“Hayo, lagi melamun ya?”
Suara Sasha membuyarkan lamunan Diah yang kini sedang merasa galau. Jam istirahat yang seharusnya Diah gunakan untuk pergi ke kantin atau sekedar melepas penat setelah beberapa jam yang lalu bergelut dengan pelajaran Matematika yang cukup membuat ruwet pikiran hanya dihabiskan oleh Diah dengan hanya duduk melamun di kursinya.
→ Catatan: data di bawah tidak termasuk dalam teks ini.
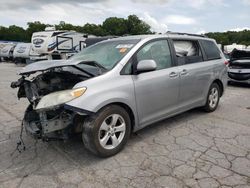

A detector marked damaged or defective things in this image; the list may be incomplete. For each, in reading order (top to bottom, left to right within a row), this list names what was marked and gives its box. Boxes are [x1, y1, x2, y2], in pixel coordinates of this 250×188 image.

Ada sesuatu yang dipikirkan olehnya. Dan Sasha bisa menebak apa yang menjadi bahan lamunan Diah.
“Udah deh, gak usah dipikirkan lagi. Lagian kan kak Fikri sudah gak ada di sekolah ini lagi. Dia udah lulus.”
“Ihh.. Sok tau deh. Siapa juga yang lagi mikirin Fikri yang sok ganteng itu!”, sangkal Diah terhadap perkataan Sasha.
“Loh, bukannya kamu sendiri yang pernah bilang kalau kak Fikri itu emang ganteng? Gak abis Fikri nih anak. Hahaha..”, ledek Sasha sambil menertawakan sahabatnya itu.
“Gak abis pikirr, Sha.. Bukan Gak abis Fikri. Ngaco ih.”, ujar Diah meluruskan.
“Iyaa.. Iyaa, gak abis Fikri. Eh, salah. gak abis pikir. Hehehe..”, timpal Sasha lagi-lagi dengan nada mengejek.
“Tuh kan. Jangan mulai lagi deh, Sha.”, jawab Diah kesal.
“Iya, iya. Maaf deh. Eh, Di. Aku tuh salut deh sama kamu.”, kata Sasha memulai perbincangan sekali lagi.
“Salut kenapa?”, tanya Diah penasaran.
“Iya, salut aja. Gimana ya? Kak Fikri kan udah lulus beberapa bulan yang lalu, tapi kamu kok masih menaruh perhatian ke sosoknya yang sudah menghilang itu? Kali ini aku serius tanya loh, Di.”
Obrolan yang dilakukan kedua sahabat itu sudah mulai menjurus kepada pembahasan yang cukup berat. Dan saat ditanya seperti itu, Diah tak tahu harus menjawab apa. Diah mengakui bahwa sosok Fikri yang sudah tak lagi berada di sekolahnya masih saja melekat kuat di ingatannya. Wajahnya masih saja seringkali muncul. Bahkan seringkali menjadi buah tidur. Hal itu menjadikan Diah merasakan satu perasaan yang sulit untuk diungkapkan: rindu.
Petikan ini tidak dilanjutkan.